■ Data ■
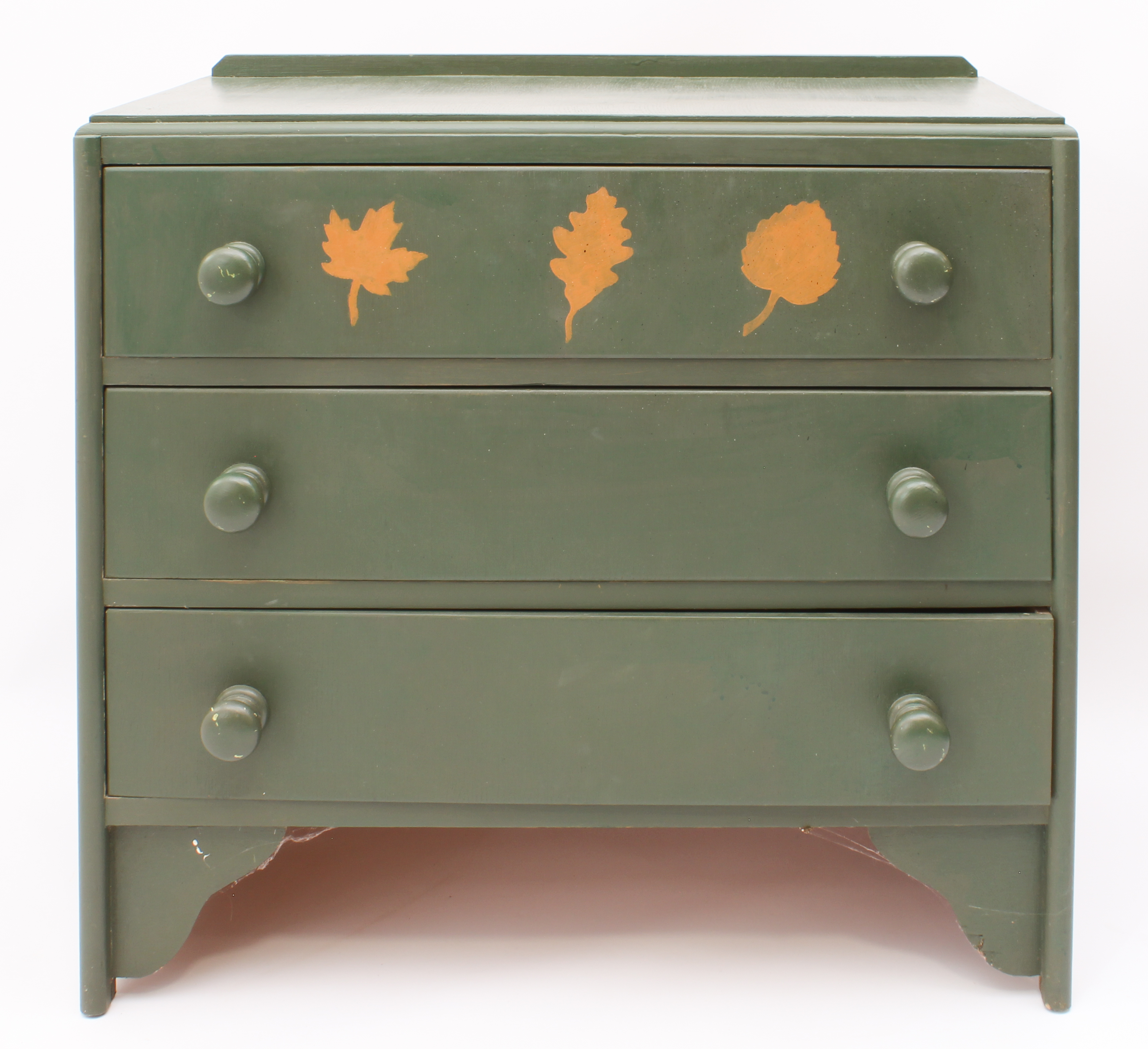 A pair of green painted pine bedside cabinets - each with a single drawer over a panelled cupboard - Image 7 of 9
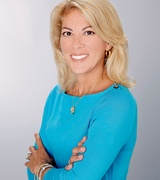 Claudia Sanchez Photo 11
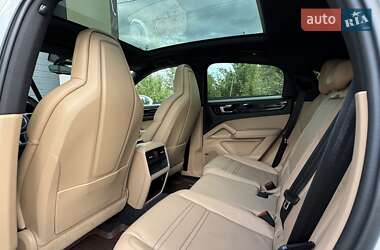 Внедорожник / Кроссовер Porsche Cayenne 2019 в 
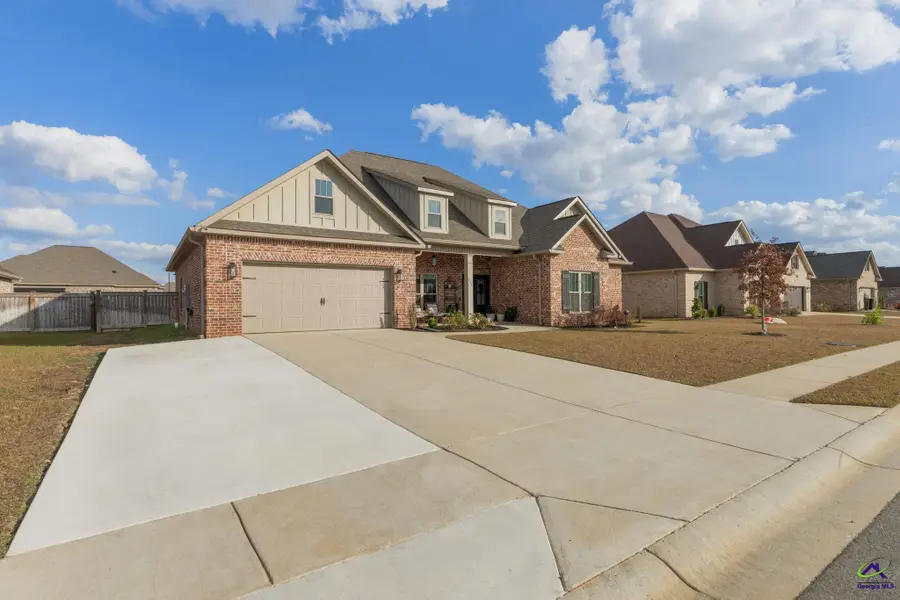 107 Brook Hollow Court, Kathleen, GA 31047 - Image #3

■ Your objective ■
Each line above gets copied exactly; leave the pictures out.

■ Answer box ■
 A pair of green painted pine bedside cabinets - each with a single drawer over a panelled cupboard - Image 7 of 9
 Claudia Sanchez Photo 11
 Внедорожник / Кроссовер Porsche Cayenne 2019 в 
 107 Brook Hollow Court, Kathleen, GA 31047 - Image #3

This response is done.